(Data items)
· · · ·

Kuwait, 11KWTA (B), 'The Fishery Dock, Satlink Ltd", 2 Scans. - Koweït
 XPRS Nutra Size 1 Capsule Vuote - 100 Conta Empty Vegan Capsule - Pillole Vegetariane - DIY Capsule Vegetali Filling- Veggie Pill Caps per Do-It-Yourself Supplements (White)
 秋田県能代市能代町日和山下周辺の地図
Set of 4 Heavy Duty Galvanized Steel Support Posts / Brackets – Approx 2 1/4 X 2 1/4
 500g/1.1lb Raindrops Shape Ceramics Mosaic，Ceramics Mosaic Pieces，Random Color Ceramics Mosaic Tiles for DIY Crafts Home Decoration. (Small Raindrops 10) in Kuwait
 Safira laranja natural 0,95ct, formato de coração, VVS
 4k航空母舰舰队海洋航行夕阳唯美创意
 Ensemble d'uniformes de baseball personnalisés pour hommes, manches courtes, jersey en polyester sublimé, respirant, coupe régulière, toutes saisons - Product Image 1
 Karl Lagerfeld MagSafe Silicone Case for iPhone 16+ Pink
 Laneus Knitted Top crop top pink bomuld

· · · ·

*Task requirements*. Print exactly the lines above from the one with "秋田県能代市能代町日和山下周辺の地図" to the one with "Ensemble d'uniformes de", including both.

*Your response*.
 秋田県能代市能代町日和山下周辺の地図
Set of 4 Heavy Duty Galvanized Steel Support Posts / Brackets – Approx 2 1/4 X 2 1/4
 500g/1.1lb Raindrops Shape Ceramics Mosaic，Ceramics Mosaic Pieces，Random Color Ceramics Mosaic Tiles for DIY Crafts Home Decoration. (Small Raindrops 10) in Kuwait
 Safira laranja natural 0,95ct, formato de coração, VVS
 4k航空母舰舰队海洋航行夕阳唯美创意
 Ensemble d'uniformes de baseball personnalisés pour hommes, manches courtes, jersey en polyester sublimé, respirant, coupe régulière, toutes saisons - Product Image 1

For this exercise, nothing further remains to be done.